- Your assignment
Leaving out the pictures, print exactly the lines from the one holding "Picture 1 of 1" to the last line of the entries below, both included, and nothing more.

- Data
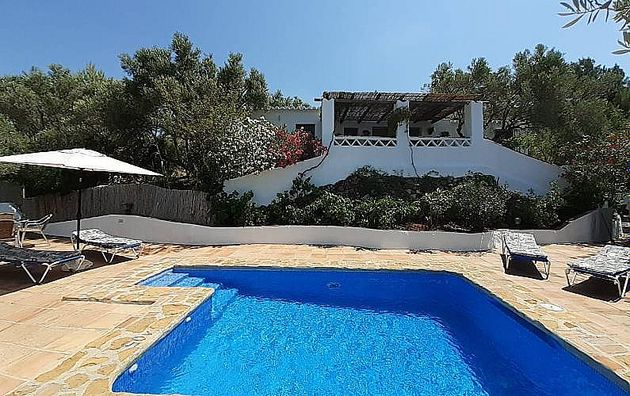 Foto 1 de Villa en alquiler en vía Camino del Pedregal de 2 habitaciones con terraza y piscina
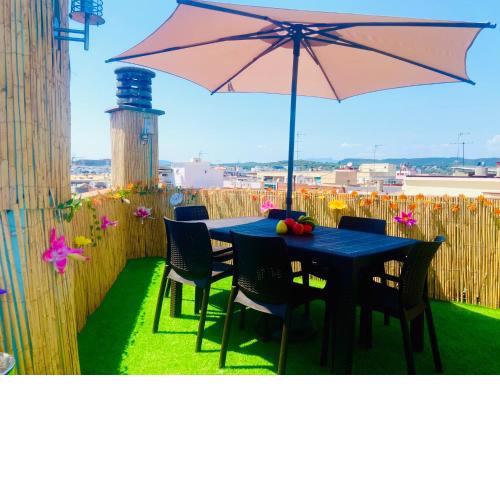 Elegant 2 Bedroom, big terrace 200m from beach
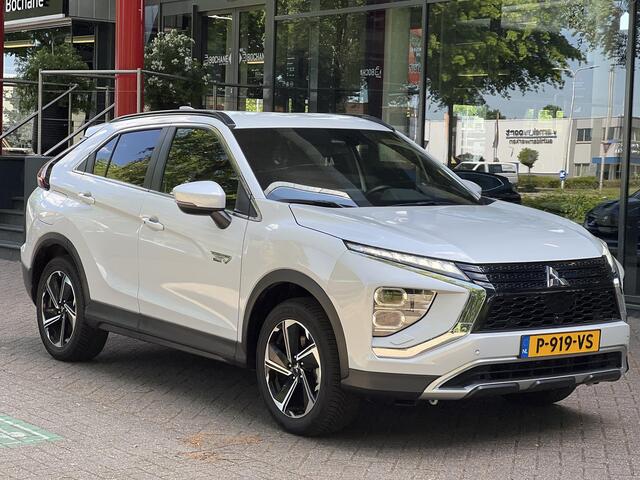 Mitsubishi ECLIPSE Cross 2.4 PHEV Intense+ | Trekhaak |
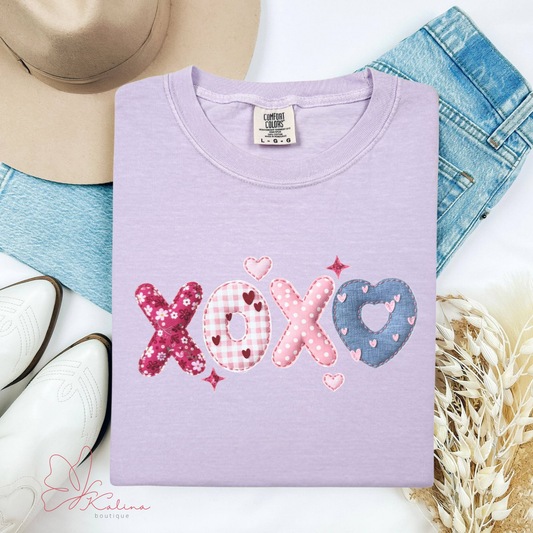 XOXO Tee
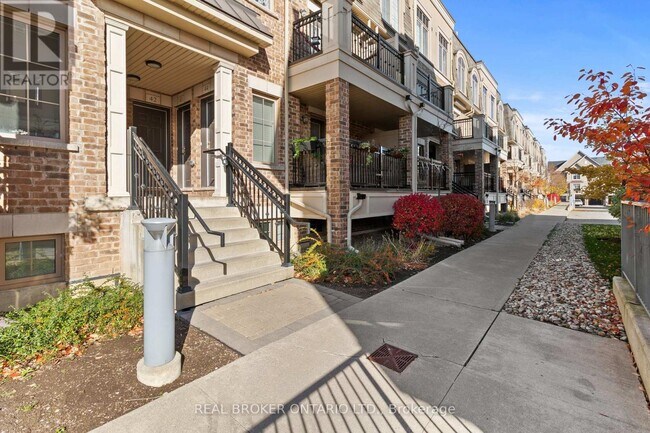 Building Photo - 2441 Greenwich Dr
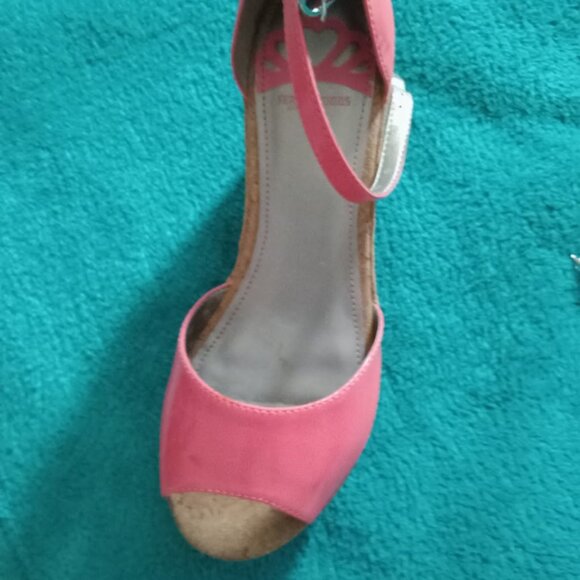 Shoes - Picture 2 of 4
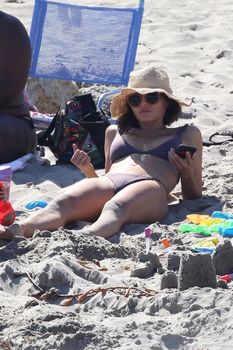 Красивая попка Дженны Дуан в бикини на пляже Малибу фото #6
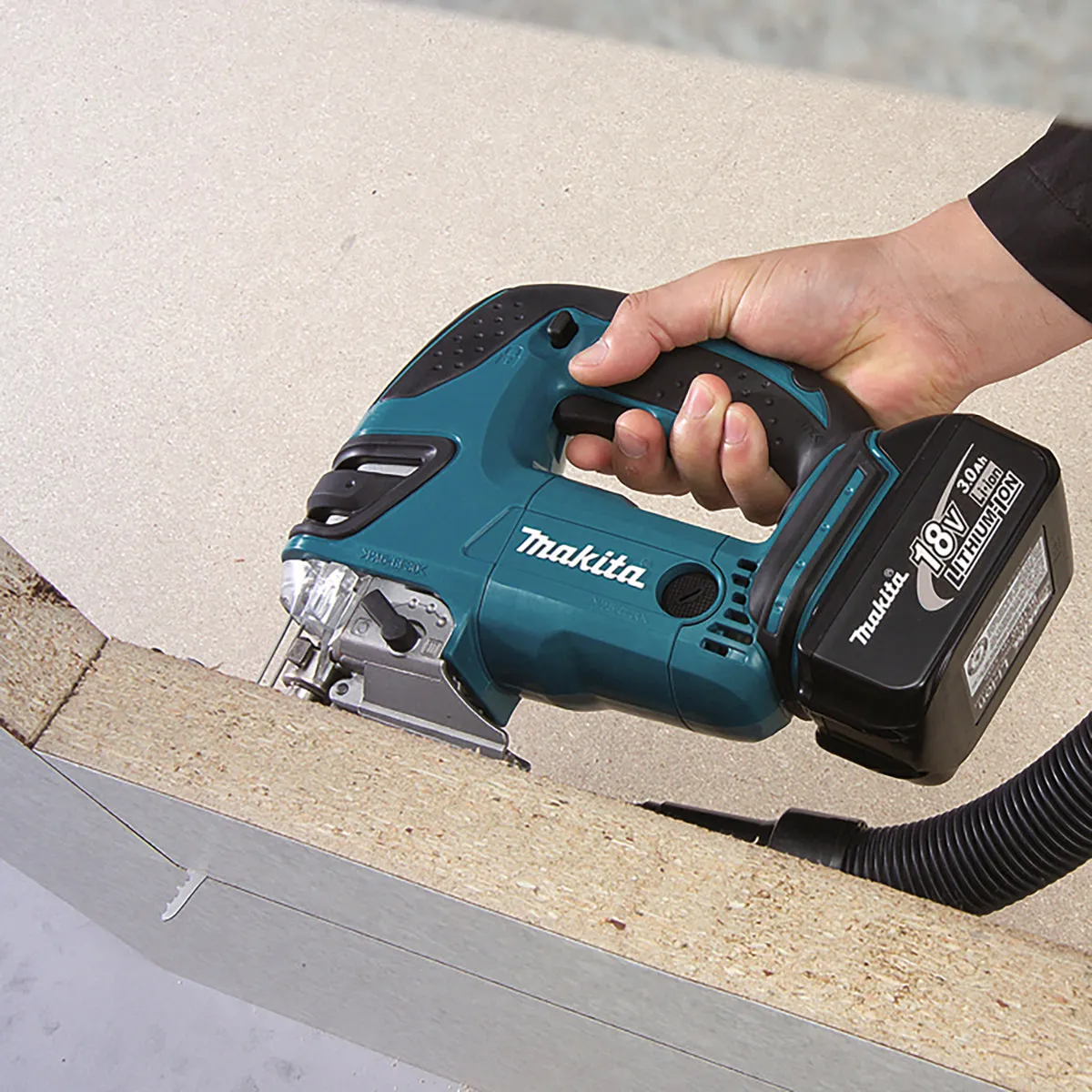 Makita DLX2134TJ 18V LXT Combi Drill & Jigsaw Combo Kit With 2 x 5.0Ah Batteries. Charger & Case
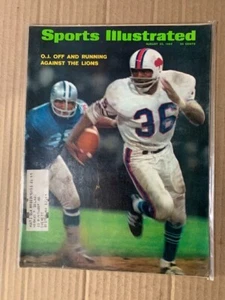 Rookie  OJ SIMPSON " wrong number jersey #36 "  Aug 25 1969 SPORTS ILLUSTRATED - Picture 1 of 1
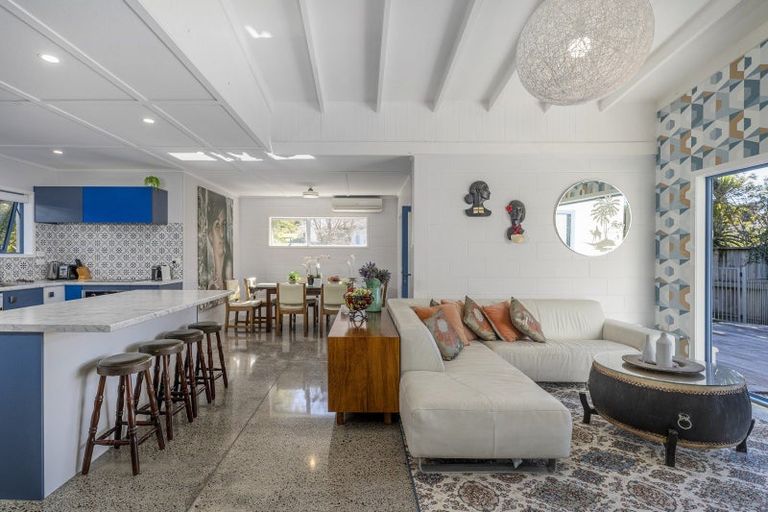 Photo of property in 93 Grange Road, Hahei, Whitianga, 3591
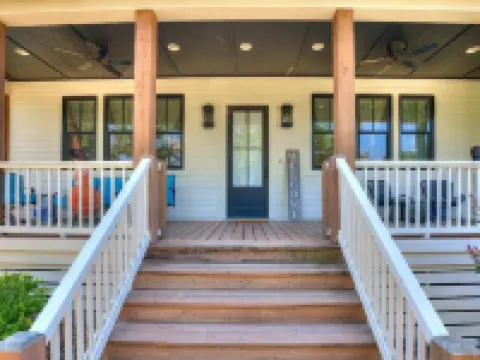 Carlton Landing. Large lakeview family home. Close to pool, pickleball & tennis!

- Answer space
 Rookie  OJ SIMPSON " wrong number jersey #36 "  Aug 25 1969 SPORTS ILLUSTRATED - Picture 1 of 1
 Photo of property in 93 Grange Road, Hahei, Whitianga, 3591
 Carlton Landing. Large lakeview family home. Close to pool, pickleball & tennis!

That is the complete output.